A new article by Wired titled “The Web Is Dead. Long Live the Internet” presents the perspective that the World Wide Web has reached it pinnacle and is now on the decline in favor of specialized services that are often closed and proprietary.
This is not a trivial distinction. Over the past few years, one of the most important shifts in the digital world has been the move from the wide-open Web to semiclosed platforms that use the Internet for transport but not the browser for display. It’s driven primarily by the rise of the iPhone model of mobile computing, and it’s a world Google can’t crawl, one where HTML doesn’t rule. And it’s the world that consumers are increasingly choosing, not because they’re rejecting the idea of the Web but because these dedicated platforms often just work better or fit better into their lives (the screen comes to them, they don’t have to go to the screen). The fact that it’s easier for companies to make money on these platforms only cements the trend. Producers and consumers agree: The Web is not the culmination of the digital revolution.
The author goes on to state this effect is due to the inevitable cycle of capitalism.
This was all inevitable. It is the cycle of capitalism. The story of industrial revolutions, after all, is a story of battles over control. A technology is invented, it spreads, a thousand flowers bloom, and then someone finds a way to own it, locking out others. It happens every time.
The article is supported by the following graph produced by CAIDA.

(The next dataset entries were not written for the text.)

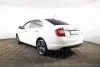 Skoda Rapid  Thumbnail 7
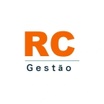 rc gestao.com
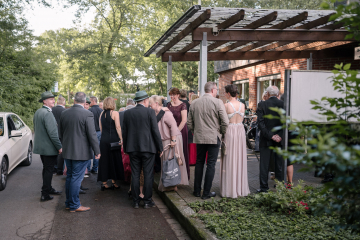 315-2024_05_25_Schuetzenfest_Festumzug-00315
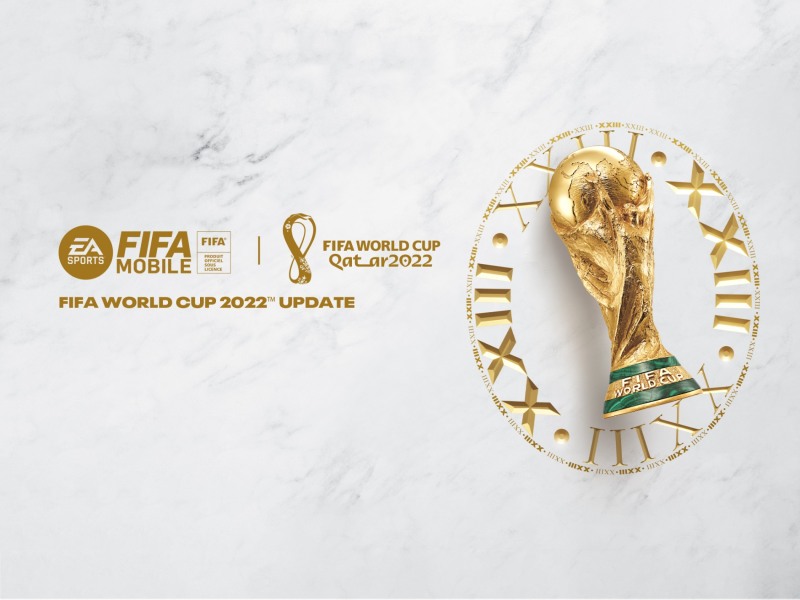 피파모바일 월드컵 모드(이미지=넥슨 제공)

Unfortunately, the interpretation of this data is questionable at best. Are there forces establishing walled gardens and actively tracking your usage and secrets? Of course there are. But what the author interprets as the “Death of the Web”, could simply be a new equilibrium as video establishes itself. The data could also be interpreted as the inevitable spike in usage as video reaches critical mass, before a return to an equilibrium that favors Web usage. Additionally, there is the fact that most video traffic uses the Web as a container.

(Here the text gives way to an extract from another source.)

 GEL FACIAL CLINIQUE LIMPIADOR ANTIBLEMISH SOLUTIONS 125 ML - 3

As Jeremy Scott states in his article “The Web Is Dead, Says Wired – But Video Is Alive And Kicking”, the Web is changing, evolving as it always has and always will.
People are changing the ways they connect to and interact with online content. For our purposes, almost all reputable metrics point to video being on the rise and one of the most dominant forms of online content. Some of our audience members might find that video on YouTube. Some might find it on Facebook. Some might only see it in the apps they apply to their mobile device. If nothing else, the Wired article can serve as a reminder to us of all the many options our intended audience members have to choose from.
It’s crucial for video creators and marketers to understand these trends in technology and content delivery. Because the web is constantly in flux, video producers have to stay up to date on mobile video, apps, HTML5, and more. The web might be dead (it isn’t), but one thing we know for sure: video is alive and well–heck, even Wired agrees with that.
Is the Web dying? No. However, the fact remains that at this point in the information age, the democratization of information is under attack.